Jay displayed marked adroitness as
a negotiator in dealing with the issues growing out
of past differences, but he made an extraordinary slip
in providing for commercial relations between the
two countries. In their general tenor the articles
displayed broad liberality. Between all British
dominions in Europe and the territories of the United
States there was to be “a reciprocal and perfect
liberty of commerce and navigation.” American
vessels were to “be admitted and hospitably received”
in the ports of East India, and, although participation
in the coasting trade was prohibited, it was provided
that this restriction should not prevent ships going
from one port of discharge to another. The East
Indian trade was not, however, so important as the
nearer West Indian trade, and with respect to the
latter the treaty provisions were narrow and exacting.
American vessels were limited to seventy tons burden,
and it was provided that “the United States
will prohibit and restrain the carrying away of molasses,
sugar, coffee, or cotton in American vessels, either
for his Majesty’s Islands or the United States,
to any part of the world except the United States,
reasonable sea-stores excepted.” Jay, in
a letter to Washington, excused his acceptance of
this restraint on the ground that “the commercial
part of the treaty may be terminated at the expiration
of two years after the war, and in the meantime a
state of things more auspicious to negotiation will
probably arise, especially if the next session of Congress
should not interpose fresh obstacles.”
The treaty was silent on the subject
of impressment, but Jay’s failure on that point
was just what was to have been expected in view of
the unwillingness of the United States to defend its
commerce. Impressment was not abandoned until
many years afterwards, and then not through treaty
stipulation but because the United States had a navy
and could resist aggression on the seas. In its
treatment of the subject of contraband, the treaty
took positions in accord with the international law
then received, but in one respect it made a distinct
advance. Provision was made that war between
the two countries should never become the pretext for
confiscation of debts or annulment of contracts.

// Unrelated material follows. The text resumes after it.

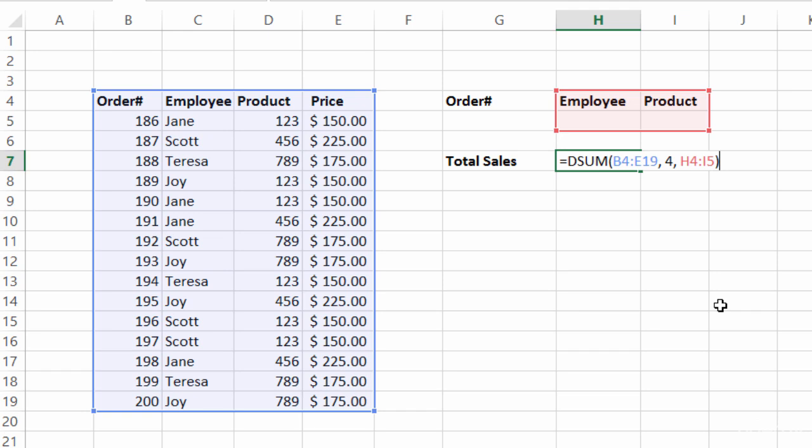I also could have named this table something like 'order table.' I want to sum up the price, and price is in the fourth column, so that's the number 4. I could have also typed in the word 'price' since that's the name of the column. Then lastly, the third required section asks: you've got your table, you've got what you want to sum — what's the criteria? The criteria is anything inside H4 through I5, where I have my employee dropdown and my product dropdown.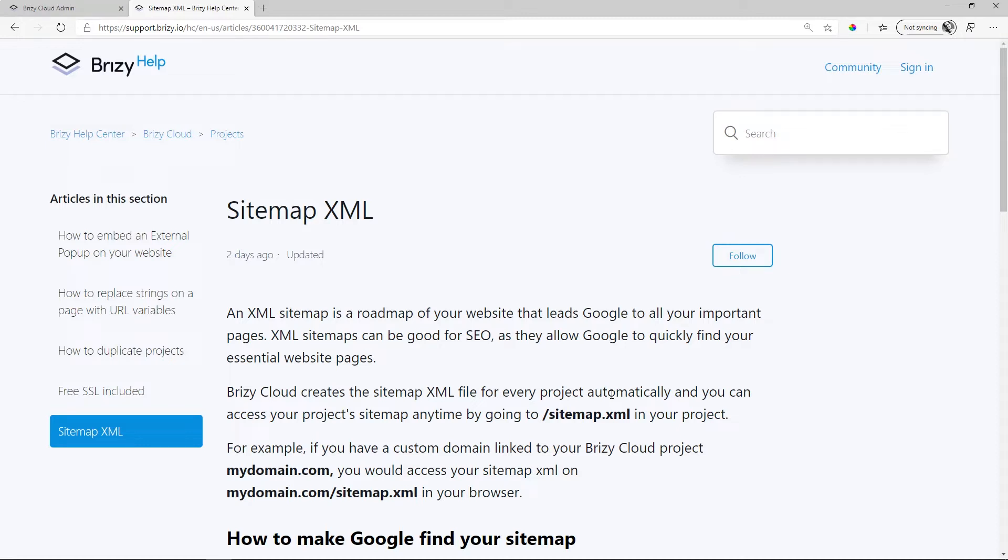So an XML sitemap is a roadmap of your website that tells Google all the important pages and where things are on your site. The XML sitemaps are good for SEO, as they allow Google to quickly find your essential website pages.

This position involves the noble principle that war
should never supersede justice but should be the servant
of justice. Great practical advantage was experienced
from it in the War of 1812, when the United States
was a creditor nation.
On the whole, Jay’s diplomacy
was as enlightened as it was shrewd, but at the time
it exposed him to furious denunciation which he disdained
to notice. “I had read the history of Greece,”
he wrote to a friend, “and was apprised of the
politics and proceedings of more recent date.”
The philosophic composure which he drew from his knowledge
of history enabled him to behave with calm dignity
while he was being burned in effigy, and while mob
orators were heaping insult and calumny on his name.
After a struggle that shook the Government, the treaty
was ratified by the Senate on June 24, 1795, with
the exception of the article about the West Indian
trade, an omission to which Great Britain made no objection.
The treaty was extremely unpopular, chiefly because
unreasonable expectations of its provisions had been
entertained. People had yet to learn that national
independence has its defects as well as its advantages,
and that the traditional intimacy between the West
Indies and America was now on a footing of privilege
and not of right. The great benefits conferred
by the treaty were therefore not appreciated, and
so violent was the fury its terms excited that it
was perhaps fortunate that Jay did not resume his
seat on the Supreme Bench. Before his return from
England and before the details of the treaty had been
made public, he had been elected governor of New York,
and to accept this office he resigned the chief-justiceship.